I was just about to send that link.

 There are lots of other players in this space, too -- see
 http://nosql-database.org/

It depends on how you define that space. There are lots of players
in the non-relational, AKA, NoSQL space, but in the document oriented
space I don't know of any other current contender other than MongoDB
and CouchDB. Do you?

Comparing Riak, Cassandra and MongoDB is like comparing a golf cart, a
fork lift and a fire engine. They are just too different.

But i'd say MongoDB and CouchDB belong in the same category, though
MongoDB is optimized for performance in cluster, deployed in a single
datacenter, with master-slave replication, and CouchDB is designed for
easy and reliable distributed deployment with master-master
replication among nodes that are not always online.
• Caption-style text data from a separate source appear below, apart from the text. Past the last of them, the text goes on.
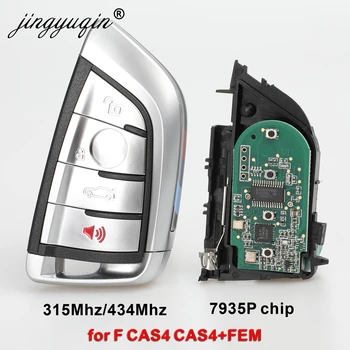 Jingyuqin 5pcs 315/433/868MHZ 7953 4B Spremenjen Smart Remote Key Fob za BMW F CAS4 2 3 4 5 6 7 Serija X5 X6 CAS4+ FEM 2011-2017
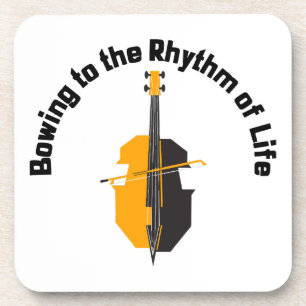 Dem Rhythmus des Lebens Cello beugen Getränkeuntersetzer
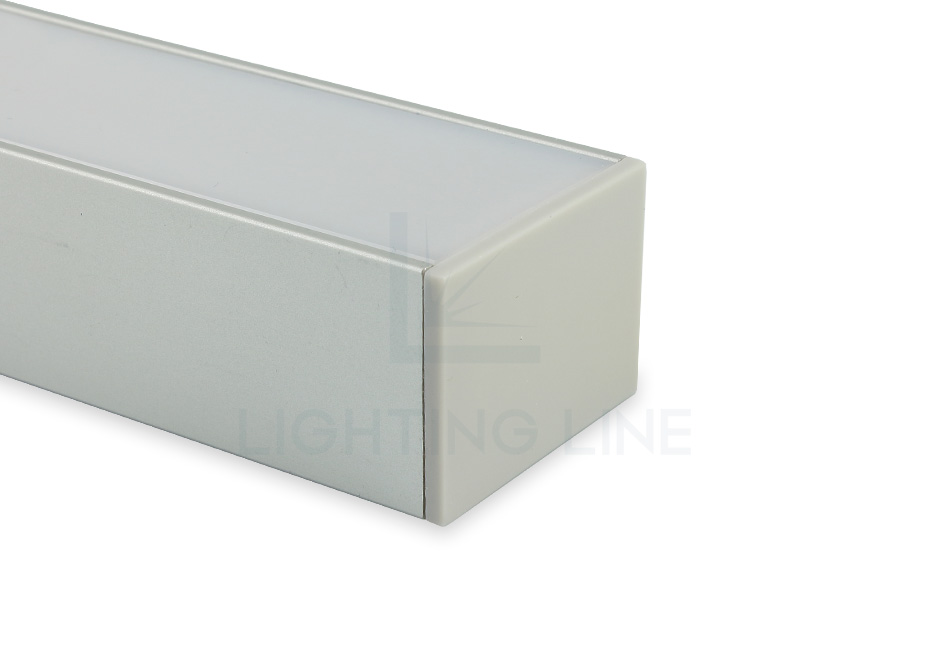 Tapa para perfil en aluminio para tiras de led PRA-SL02-GP-N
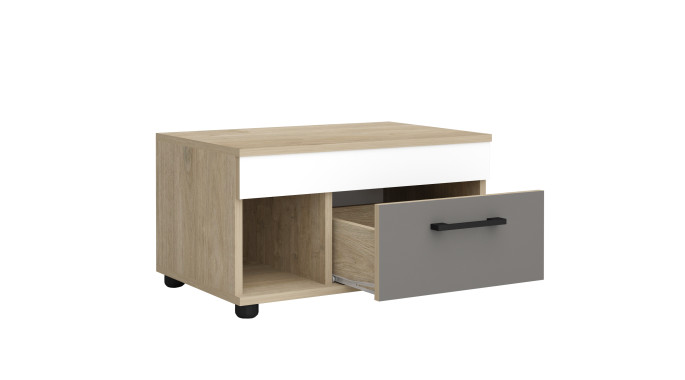 Модул "Крис М8/М9" - Сонома храбър/графит/бяло Модул "Крис М8/М9" - Сонома храбър/графит/бяло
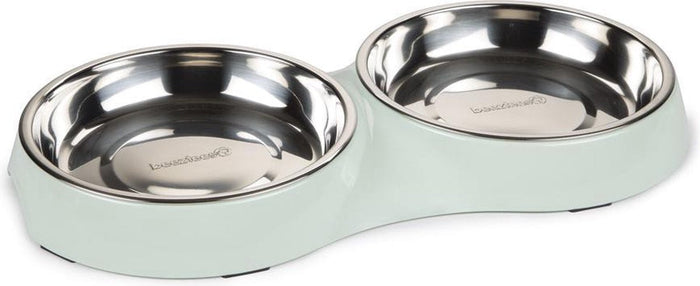 Beeztees smickle - dinerset kat - mint - 35x18x3 cm - 2x 420 ml-0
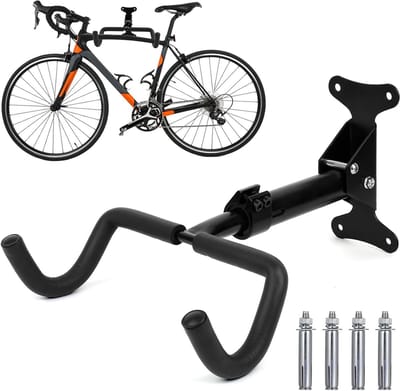 Set van Vouwbare Fietshaken voor Wandmontage, Verstelbare Afstand en 360 Graden Rotatie, Ideaal voor MTB en Racefietsen, Ruimtebesparend Ontwerp voor Efficiënte Opslag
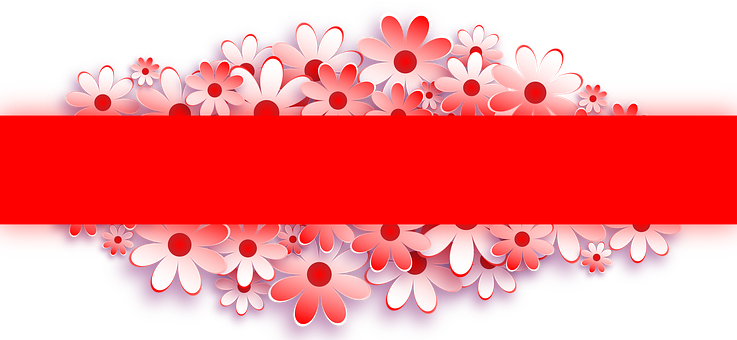 A Group Of Flowers With A Red Stripe
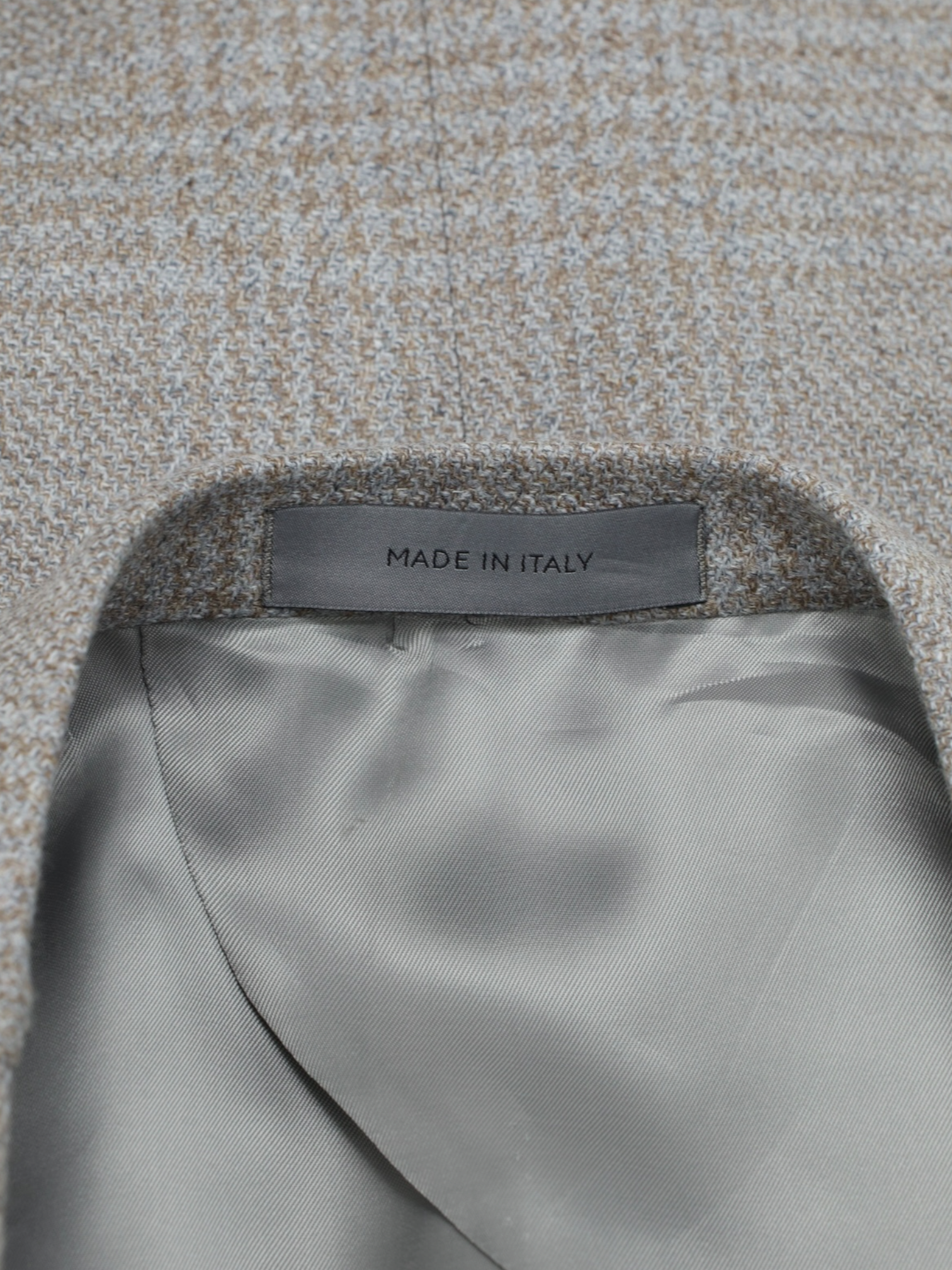 Corneliani Brown & Ice-Blue Wool & Silk "Sartoria Light" Glencheck Jacket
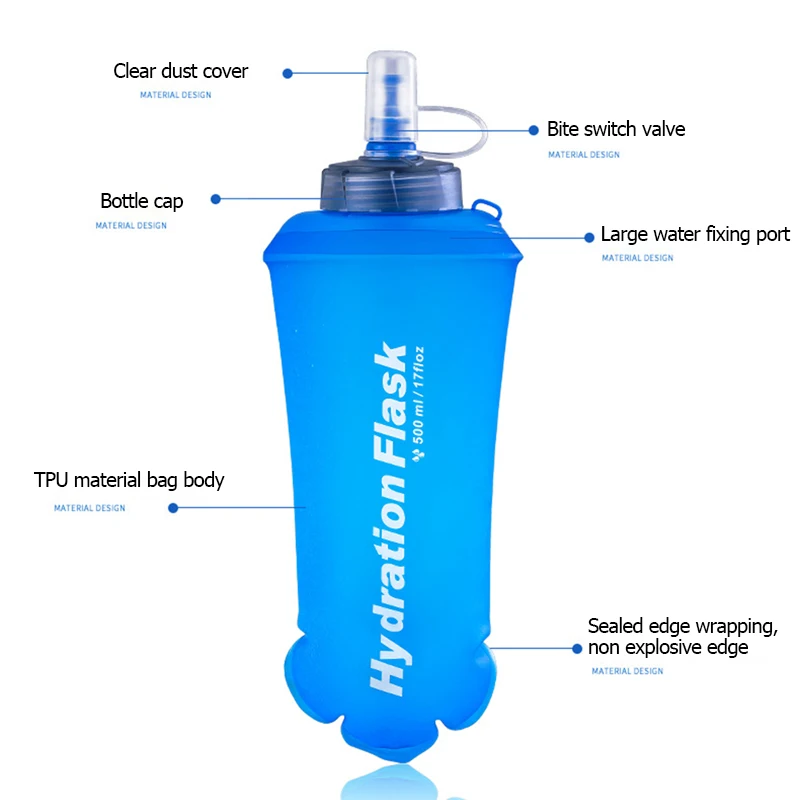 250ml 500ml 750ml Taşınabilir  - Water Bag Collapsible incelemesi ve fiyatı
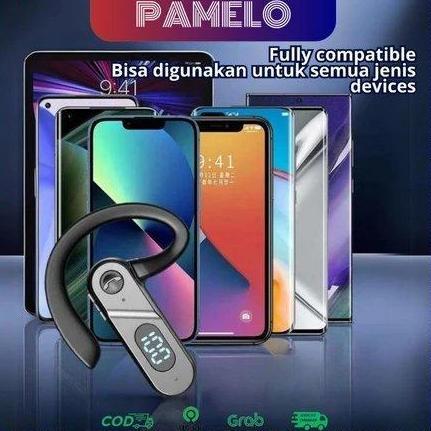 Headset Open Ear Bone Earphone Bluetooth Sport 5.2 Air Conduction USA Technology (TERBAIK) (TERBARU)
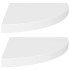 Estantes flotantes de esquina 2 uds MDF blanco 35x35x3,8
Their conceptual data model is very similar (JSON and BSON), so it's a
snap to migrate data from CouchDB to MongoDB (the opposite maybe more
complicated depending on the dataset, because BSON has more primitive
types than JSON).

Where I work [1] we are doing pilot projects with CouchDB, but we also
envision using CouchDB as the main repository for content creation,
and pushing data to MongoDB for high demand services, if we find out
that CouchDB can't handle the traffic.

[1] http://regional.bvsalud.org/php/index.php?lang=en

-- 
Luciano Ramalho
programador repentista || stand-up programmer
Twitter: @luciano


Re: [CODE4LIB] CouchDB and MongoDB (was: Re: O'Reilly books...)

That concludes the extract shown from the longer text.